Watch out for the "in laws in a safari park!" The full story relating to the "in laws" is in "But Can You..." 
I didn't intend to plug/promote two books in one posting...couldn't help it... Jan has a wonderful way of expressing characters, details and humour... and it works!


----------



## Jan Hurst-Nicholson (Aug 25, 2010)

And for your in-flight entertainment -- A Bit of Light Literature, Short Stories & Other Fun Stuff. It's a light-hearted variety of humorous articles, short stories ranging from hypochondria to murder, plus a quiz, agony aunt column, limericks and a collection of malapropisms to keep you amused and divert you from the tedium of flying. 
A great book to keep with you whilst travelling, and a perfect gift (suitable for both men and women) for someone who is going on a trip.

REVIEWS
"Should be compulsory reading to keep incorrigible chatterers quiet" - Frequent Flyer.
"Could also be used to ram down their throats" - Flight Attendant.
"The stories about me are hugely exaggerated" - Author's Spouse.
"Shredded drafts of this book line my litter tray. Royalties from this book will go towards proper deodorized litter and reduce complaints about the smell" - Family Cat
"What a relief that will be" - Family Dog.

Review from Amazon
This review is from: Something to Read on the Plane (Kindle Edition)
I downloaded this book in January 2011. I read it a few months later..in between "But Can You Drink The Water?" and "The Breadwinners"... both by same author. 
"Something To Read On The Plane" brought smiles, giggles and at times it was pretty obvious to general public around me (reading on my Kindle) that I appeared quite "odd"...attempting to stifle smiles, giggles, keep a straight face... I failed! 
Watch out for the "in laws in a safari park!" The full story relating to the "in laws" is in "But Can You..." 
I didn't intend to plug/promote two books in one posting...couldn't help it... Jan has a wonderful way of expressing characters, details and humour... and it works!


----------



## Jan Hurst-Nicholson (Aug 25, 2010)

And for your in-flight entertainment -- A Bit of Light Literature, Short Stories & Other Fun Stuff. It's a light-hearted variety of humorous articles, short stories ranging from hypochondria to murder, plus a quiz, agony aunt column, limericks and a collection of malapropisms to keep you amused and divert you from the tedium of flying. 
A great book to keep with you whilst travelling, and a perfect gift (suitable for both men and women) for someone who is going on a trip. 

REVIEWS
"Should be compulsory reading to keep incorrigible chatterers quiet" - Frequent Flyer.
"Could also be used to ram down their throats" - Flight Attendant.
"The stories about me are hugely exaggerated" - Author's Spouse.
"Shredded drafts of this book line my litter tray. Royalties from this book will go towards proper deodorized litter and reduce complaints about the smell" - Family Cat
"What a relief that will be" - Family Dog.


----------



## Jan Hurst-Nicholson (Aug 25, 2010)

And for your in-flight entertainment -- A Bit of Light Literature, Short Stories & Other Fun Stuff. It's a light-hearted variety of humorous articles, short stories ranging from hypochondria to murder, plus a quiz, agony aunt column, limericks and a collection of malapropisms to keep you amused and divert you from the tedium of flying. 
A great book to keep with you whilst travelling, and a perfect gift (suitable for both men and women) for someone who is going on a trip. 

REVIEWS
"Should be compulsory reading to keep incorrigible chatterers quiet" - Frequent Flyer.
"Could also be used to ram down their throats" - Flight Attendant.
"The stories about me are hugely exaggerated" - Author's Spouse.
"Shredded drafts of this book line my litter tray.

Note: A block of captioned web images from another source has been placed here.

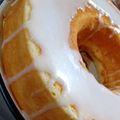El cooksnap de Malena cuando hizo Budín de limón 🍋😋.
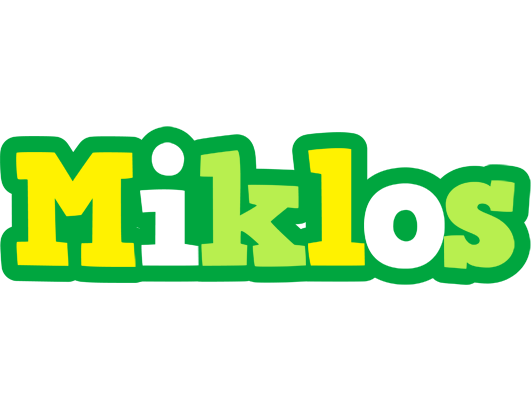 Miklos soccer logo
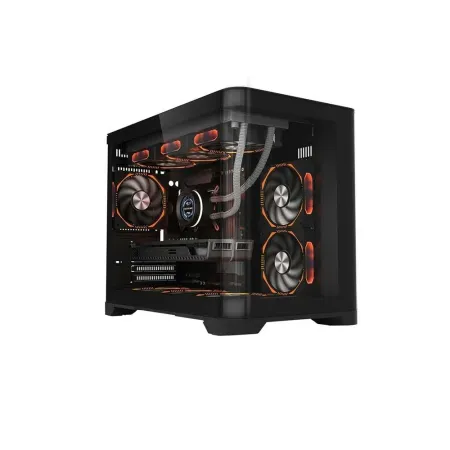 LANSMAN GAMING PC AMD RYZEN7-9700X 32 GB DDR5 RAM 12GB RTX5070 1TB SSD 750W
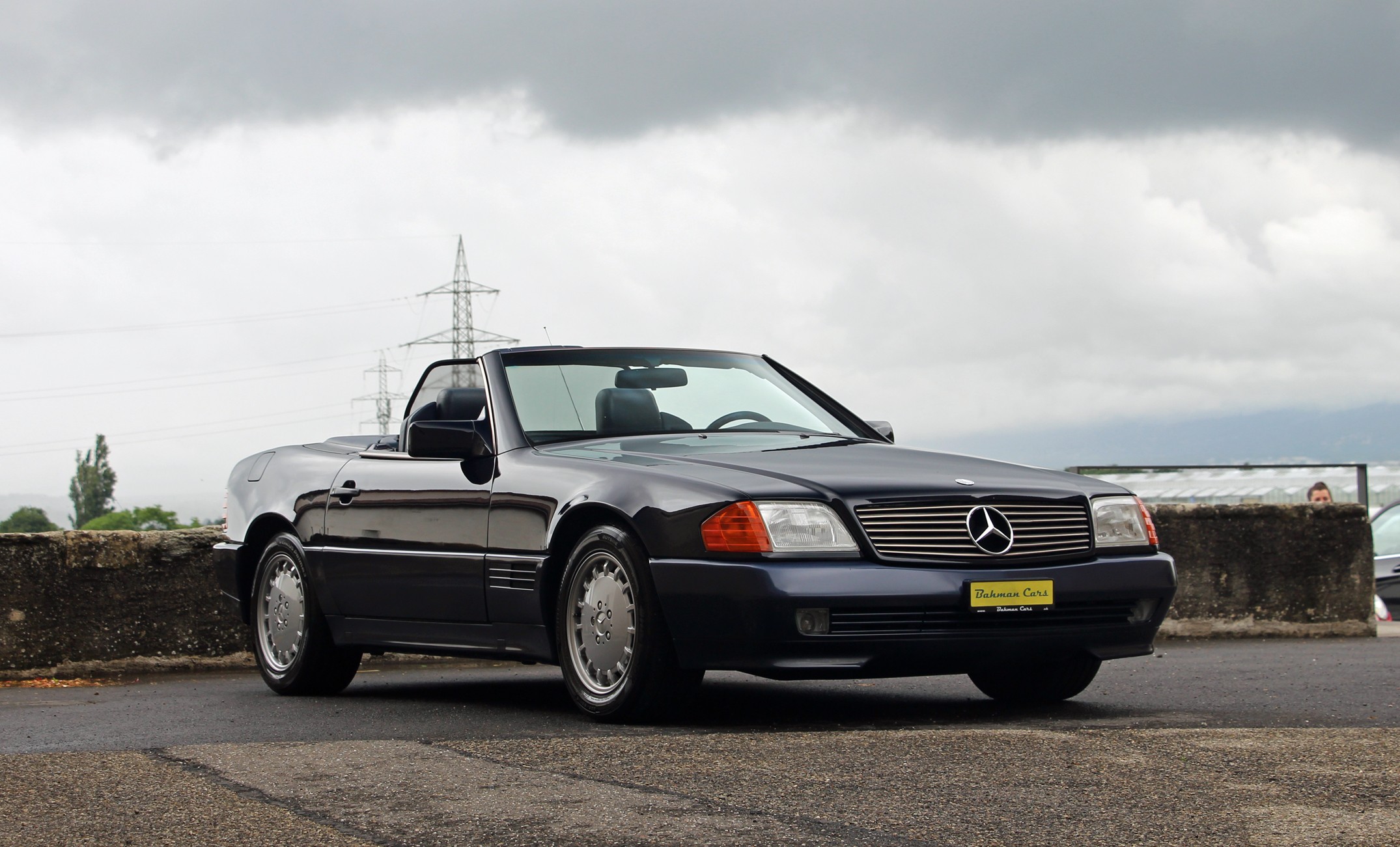 MERCEDES-BENZ SL 300-24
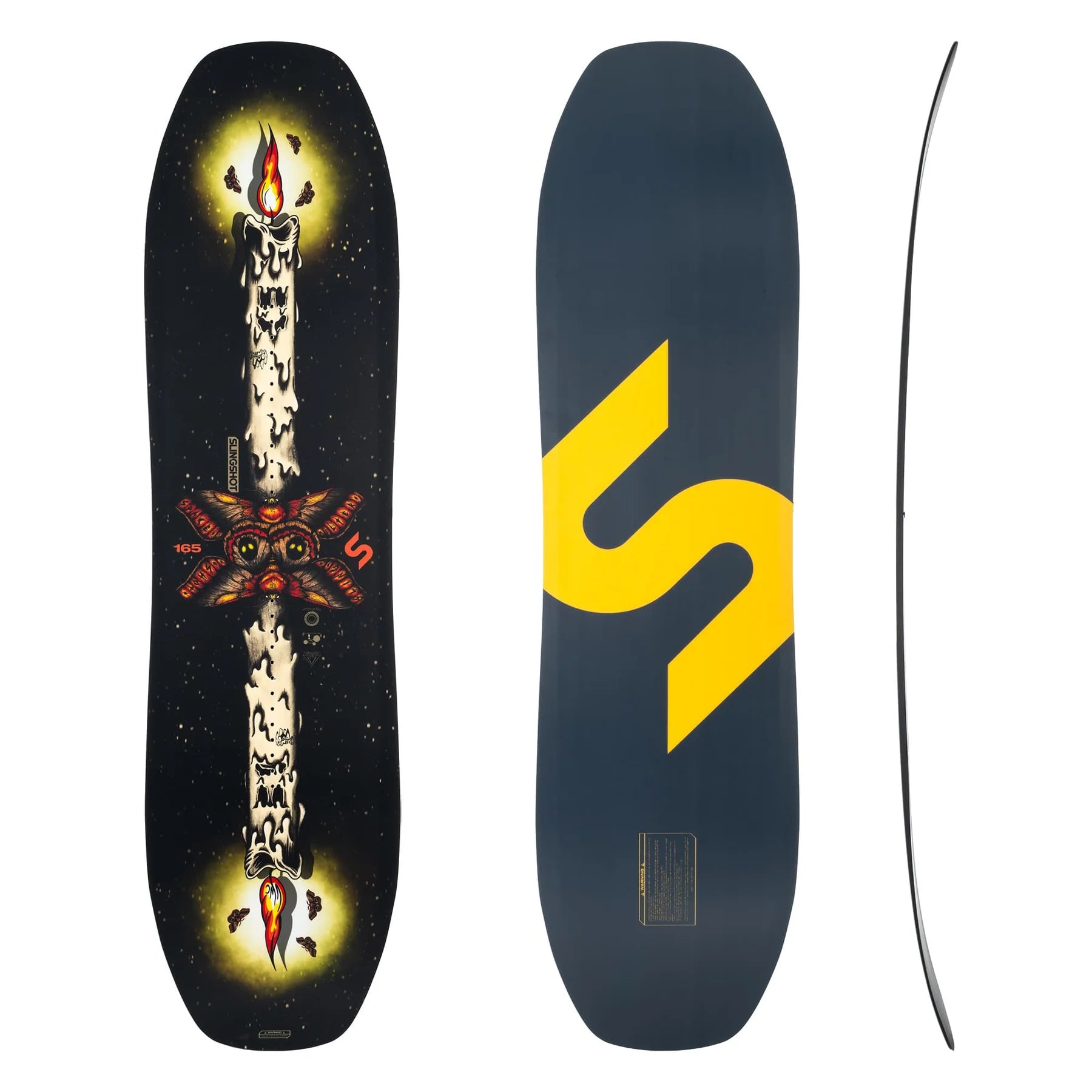 Slingshot SPACE MELTER Wakeboard | 25 - Wakeboards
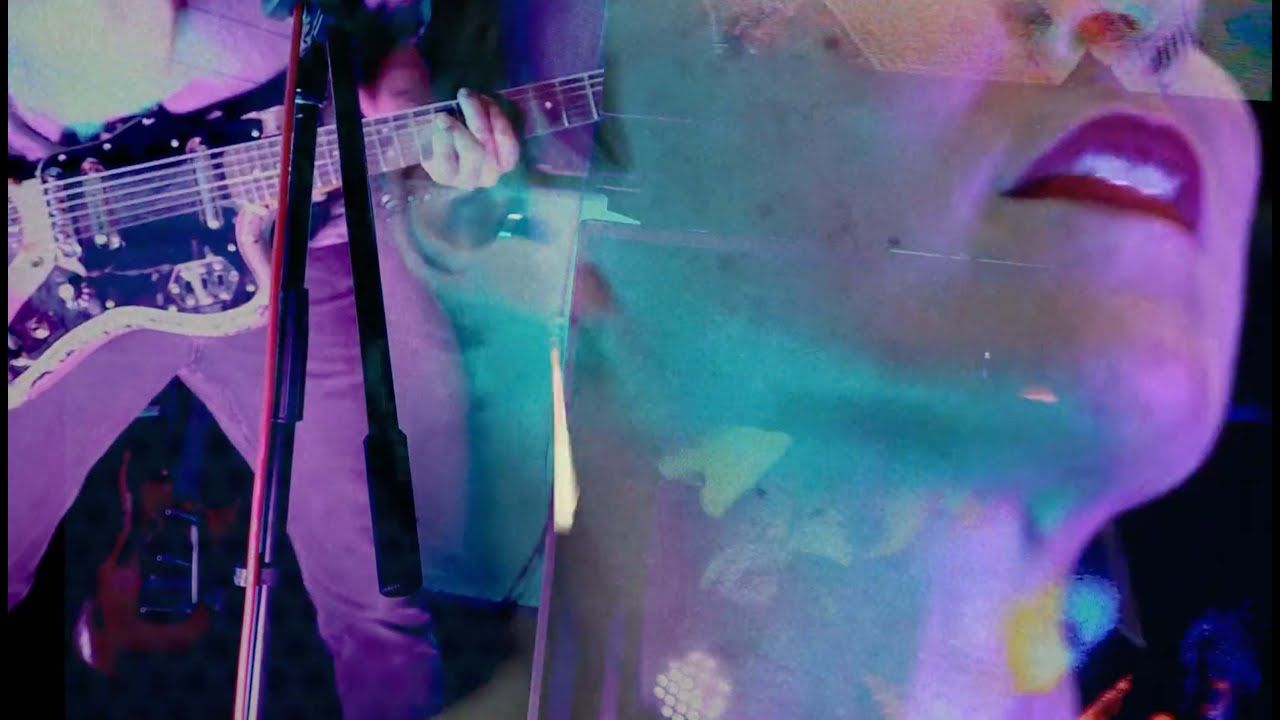 A Place To Bury Strangers - Disgust (Official)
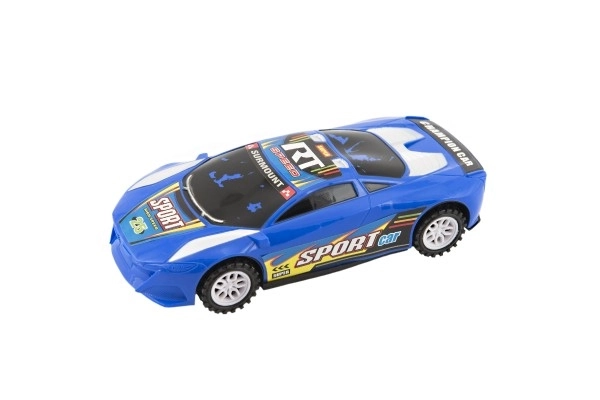 Voiture enfant à inertie 20 cm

Royalties from this book will go towards proper deodorized litter and reduce complaints about the smell" - Family Cat
"What a relief that will be" - Family Dog.


----------



## Jan Hurst-Nicholson (Aug 25, 2010)

Also available in print. Makes a great gift for a man or a woman.


----------



## Jan Hurst-Nicholson (Aug 25, 2010)

And for your in-flight entertainment -- A Bit of Light Literature, Short Stories & Other Fun Stuff. It's a light-hearted variety of humorous articles, short stories ranging from hypochondria to murder, plus a quiz, agony aunt column, limericks and a collection of malapropisms to keep you amused and divert you from the tedium of flying. 
A great book to keep with you whilst travelling, and a perfect gift (suitable for both men and women) for someone who is going on a trip. 

REVIEWS
"Should be compulsory reading to keep incorrigible chatterers quiet" - Frequent Flyer.
"Could also be used to ram down their throats" - Flight Attendant.
"The stories about me are hugely exaggerated" - Author's Spouse.
"Shredded drafts of this book line my litter tray. Royalties from this book will go towards proper deodorized litter and reduce complaints about the smell" - Family Cat
"What a relief that will be" - Family Dog.


----------



## Jan Hurst-Nicholson (Aug 25, 2010)

And for your in-flight entertainment -- A Bit of Light Literature, Short Stories & Other Fun Stuff. It's a light-hearted variety of humorous articles, short stories ranging from hypochondria to murder, plus a quiz, agony aunt column, limericks and a collection of malapropisms to keep you amused and divert you from the tedium of flying. 
A great book to keep with you whilst travelling, and a perfect gift (suitable for both men and women) for someone who is going on a trip. 

REVIEWS
"Should be compulsory reading to keep incorrigible chatterers quiet" - Frequent Flyer.
"Could also be used to ram down their throats" - Flight Attendant.
"The stories about me are hugely exaggerated" - Author's Spouse.
"Shredded drafts of this book line my litter tray. Royalties from this book will go towards proper deodorized litter and reduce complaints about the smell" - Family Cat
"What a relief that will be" - Family Dog.


----------



## Jan Hurst-Nicholson (Aug 25, 2010)

Also available in print. Makes a great gift for a man or a woman.


----------



## Jan Hurst-Nicholson (Aug 25, 2010)

And for your in-flight entertainment -- A Bit of Light Literature, Short Stories & Other Fun Stuff. It's a light-hearted variety of humorous articles, short stories ranging from hypochondria to murder, plus a quiz, agony aunt column, limericks and a collection of malapropisms to keep you amused and divert you from the tedium of flying. 
A great book to keep with you whilst travelling, and a perfect gift (suitable for both men and women) for someone who is going on a trip.

REVIEWS
"Should be compulsory reading to keep incorrigible chatterers quiet" - Frequent Flyer.
"Could also be used to ram down their throats" - Flight Attendant.
"The stories about me are hugely exaggerated" - Author's Spouse.
"Shredded drafts of this book line my litter tray. Royalties from this book will go towards proper deodorized litter and reduce complaints about the smell" - Family Cat
"What a relief that will be" - Family Dog.


----------



## Jan Hurst-Nicholson (Aug 25, 2010)

Great idea for taking on your Easter holiday.


----------



## Jan Hurst-Nicholson (Aug 25, 2010)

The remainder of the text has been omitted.